I have a couple of questions for you. Firstly the article really didn't hold back about you in a way that you don't usually see. But he makes very specific and verifiable claims. The owner blames the market for 40% of their decline and you for another 40%. You have made over 400 negative comments about the company over the last couple of years. You run the subreddit as a bad faith mod, and you run a rival company so you have an interest in the decline of codesmith. Those are some of the accusations laid against you by the article.
I would be interested in hearing what you have to say about them. Obviously i don't expect you to say anything that might create legal issues for yourself. But you have opinions that youre not shy of expressing. The article was perhaps not wholly neutral so maybe you can clarify your side of the story.
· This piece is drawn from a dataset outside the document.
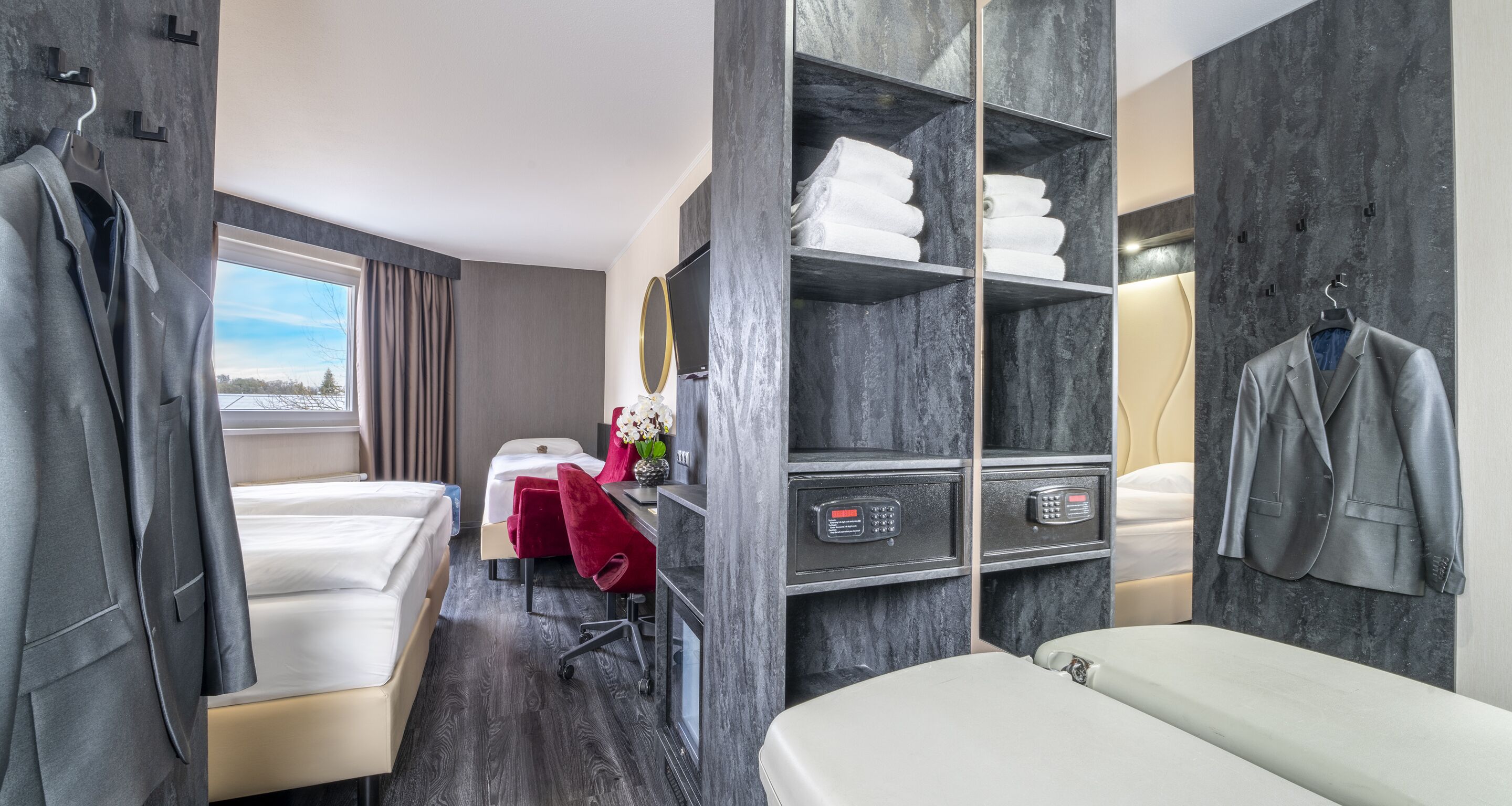 A hotel room with a bed, a desk, a chair, a vanity with a mirror, a robe, and a coat rack.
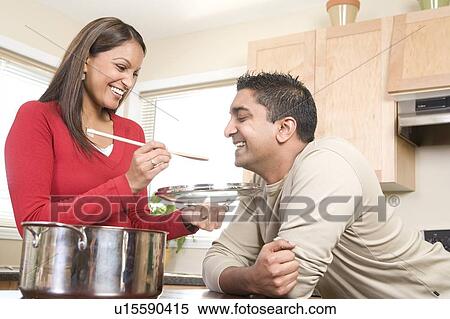 Stock Photography - Woman offers man spoon for him to taste, Winnipeg, Canada. Fotosearch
Do you have a specific problem with codesmith? why do you care so much about them? Is it because they are competitiors? Do you take such an active role on reddit in order to promote your own interests, outside of creating and maintaining a better community?
To be clear i'm a completely random guy with no skin in the game, just looking for answers.
[edit to reply: There is no plausible scenario that my life will depend on the answer. Literally the only reason i'm on here is for casual chit chat. Frankly, this might be life changing for some people, but i'm really not too invested in the story so i don't mind opening some dialogue in good faith from my end.]
I appreciate this is off-topic, but I really wanted to highlight/praise what you'd written. It came across to me as very "HN" and the guidelines appear to corroborate this...
> Comments should get more thoughtful and substantive, not less, as a topic gets more divisive.
Next we should hear from the counter party is from a court filing. Not here. This is well past having a chill chat on hackernews.